**Action item:** With pictures omitted, the line containing "حساب ببجي للبيع حق شحن" and all later lines of the records below are to be restated word for word.

[Captioned web images]

....

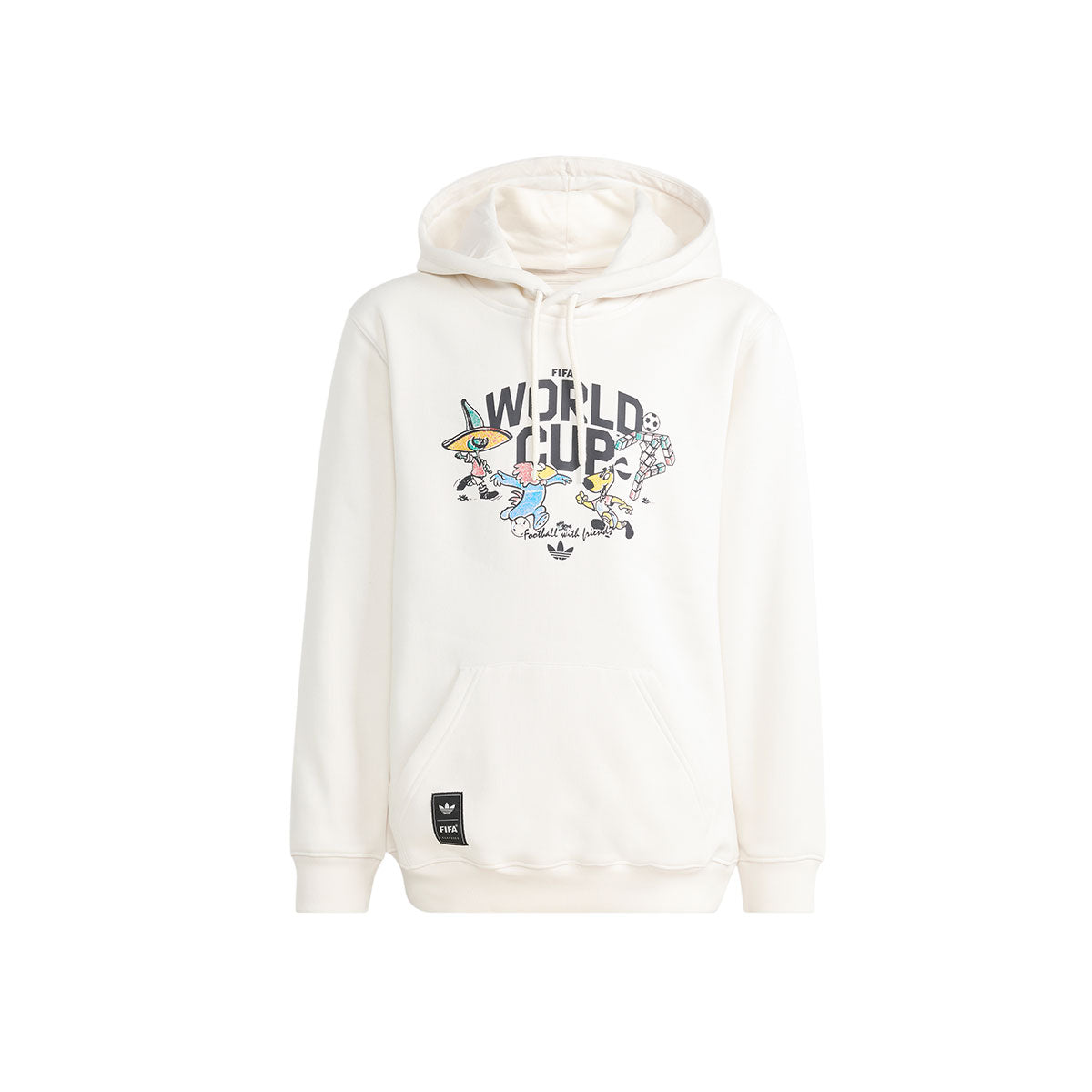 MASCOT SWT Y CLOWHI L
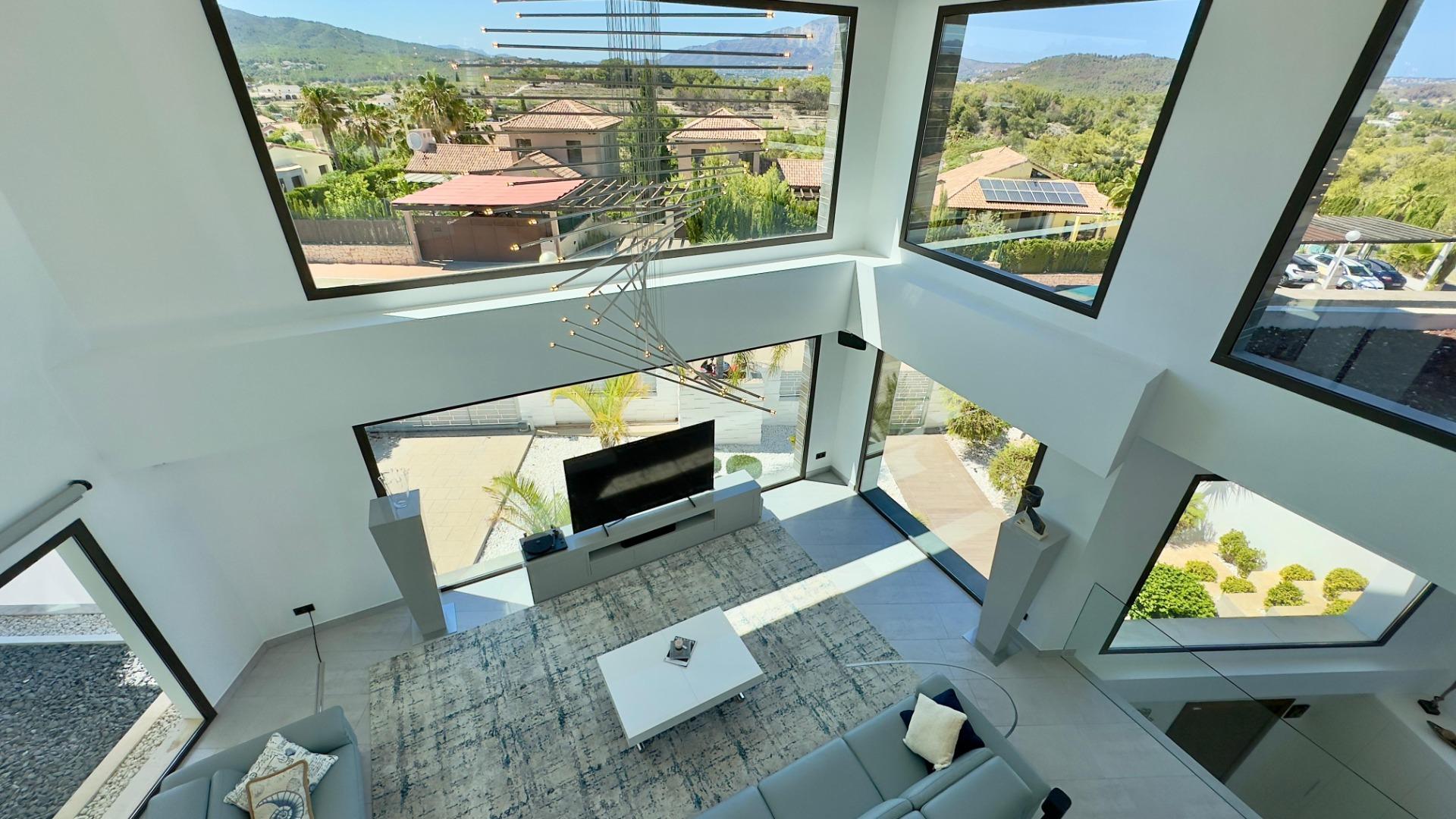 Luxe villa in Les Cansalades, Jávea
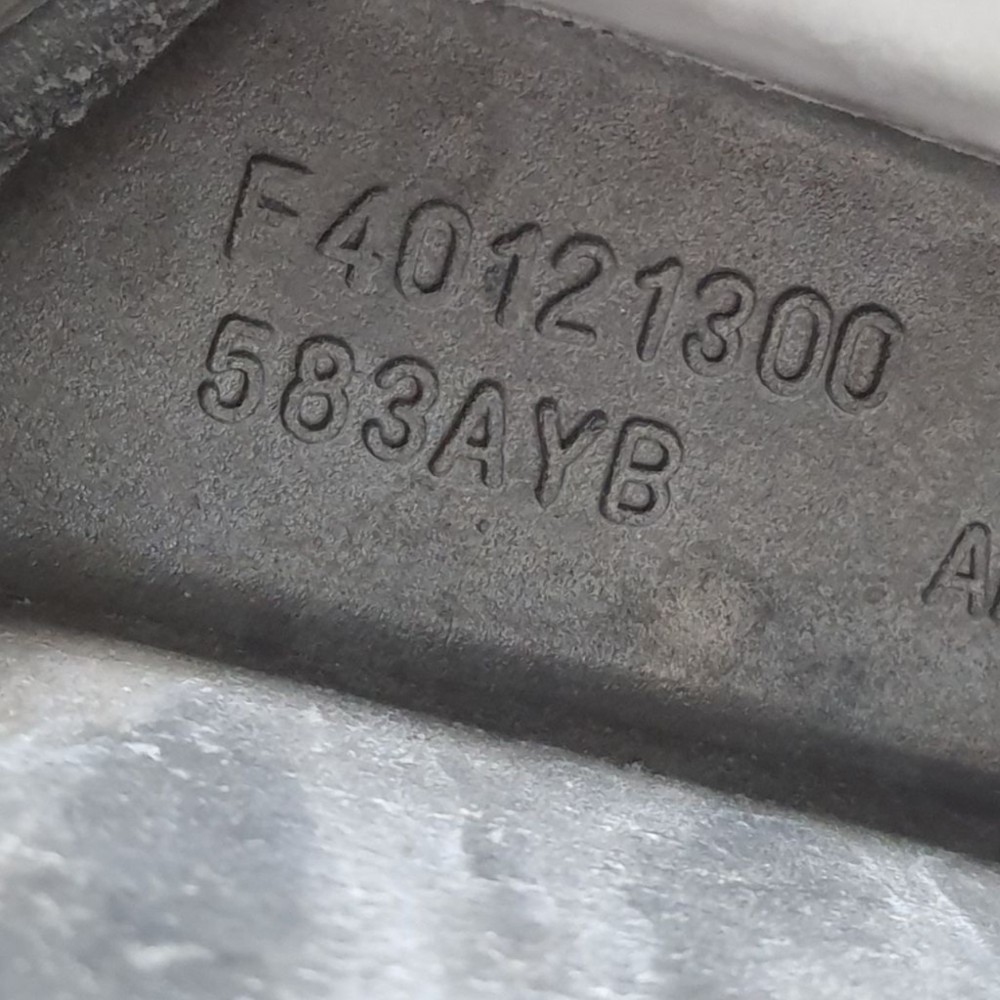 Suporte Coxim Motor Gm Tracker Lt 1.4 2018 F40121300 10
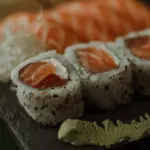 URAMAKI PHILADELPHIA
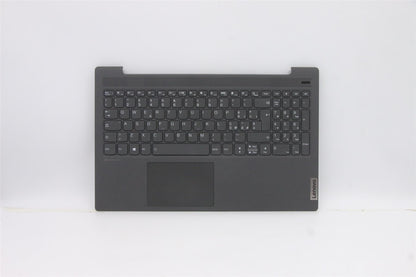 Lenovo IdeaPad 5 15IIL05 Palmrest Cover Touchpad Keyboard Italian 5CB0X56158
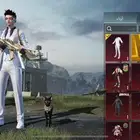 حساب ببجي للبيع حق شحن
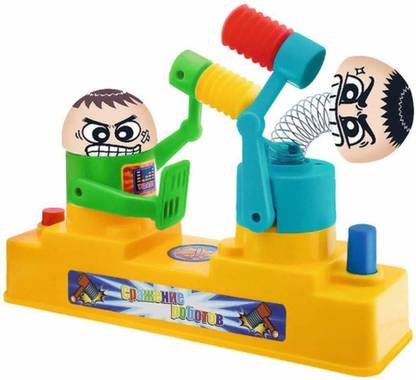 Pepstter Hammering Contest Battle Boxing Toy Game for Kids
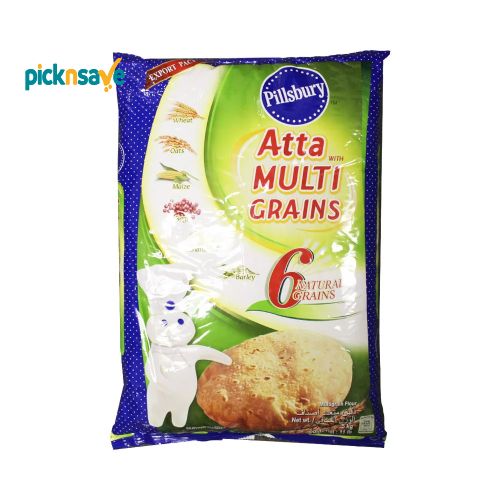 Pillsbury Multigrain Atta 5kg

....

**Solution to this exercise:**
 حساب ببجي للبيع حق شحن
 Pepstter Hammering Contest Battle Boxing Toy Game for Kids
 Pillsbury Multigrain Atta 5kg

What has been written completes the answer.